--- The data Enclosed Below ---
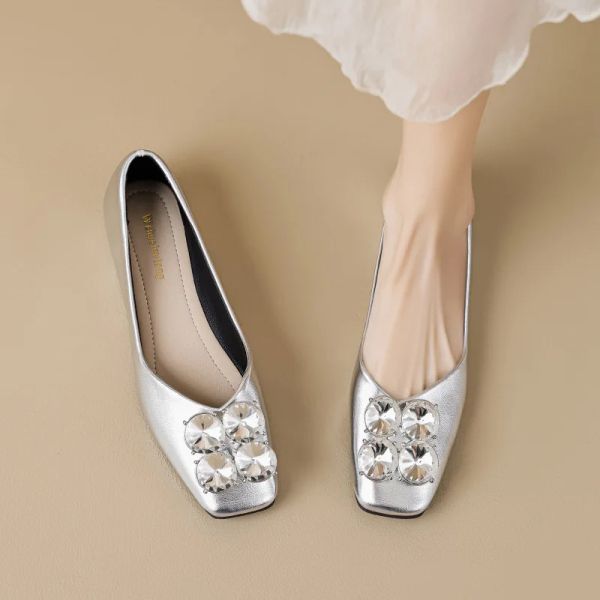 Bottes 2023 Nouvelles chaussures pour femmes de printemps et automne carrière de style coréen et de fête portent des chaussures de bateau carré de carrés décontractés de Mary Jane pour femmes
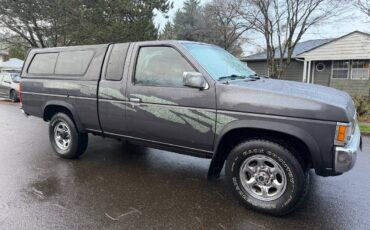 Nissan-hardbody-pickup-1995-2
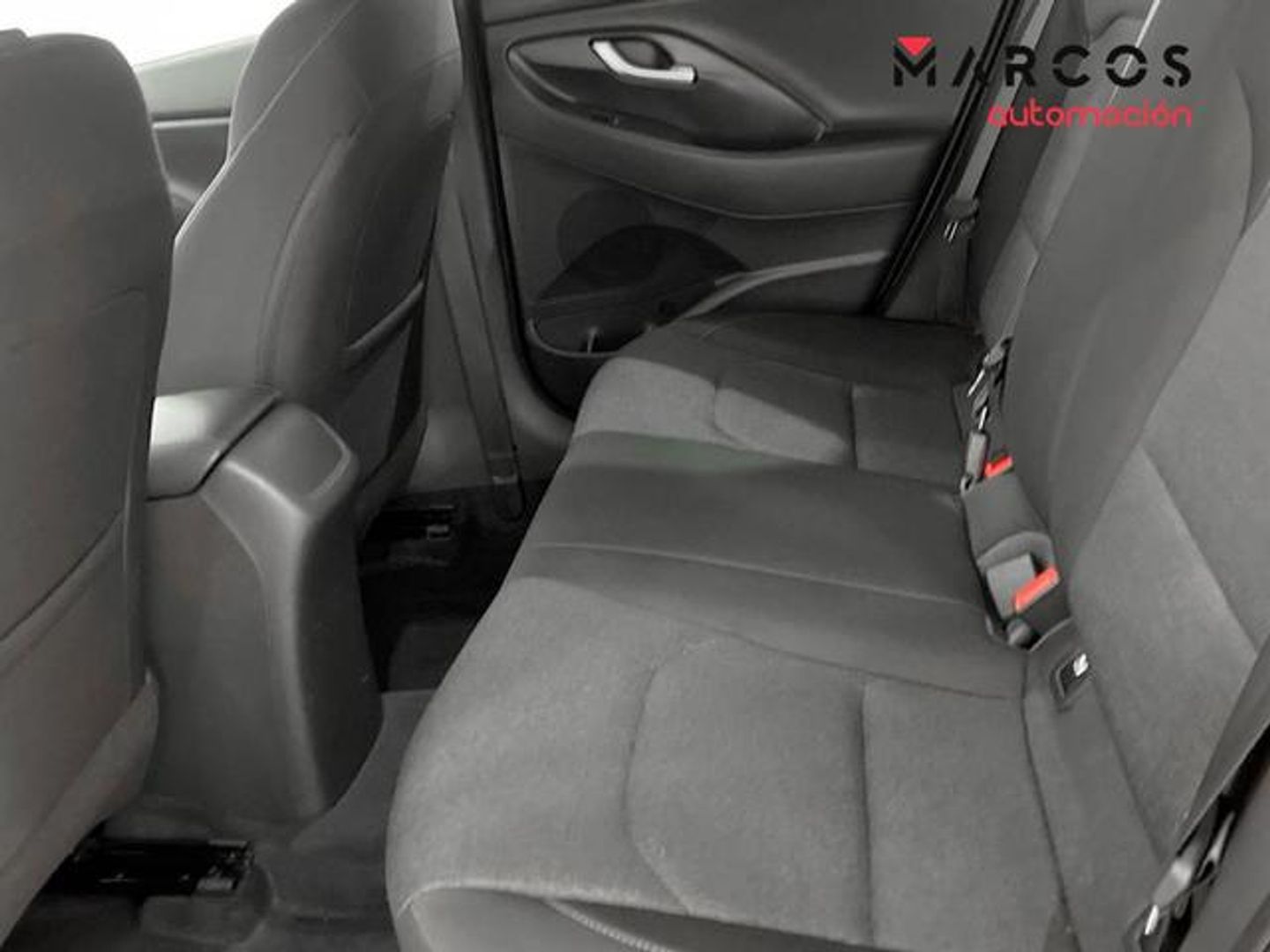 Hyundai i30 Fastback 1.0 TGDI Klass 88 kW (120 CV) Rojo Compact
--- End of Enclosed The data ---
What is required:
Repeat the line that contains "Nissan-hardbody-pickup-1995-2" and each line after it, through the last line of the listing, exactly and alone; pictures stay out of the repeat.

Answer below:
 Nissan-hardbody-pickup-1995-2
 Hyundai i30 Fastback 1.0 TGDI Klass 88 kW (120 CV) Rojo Compact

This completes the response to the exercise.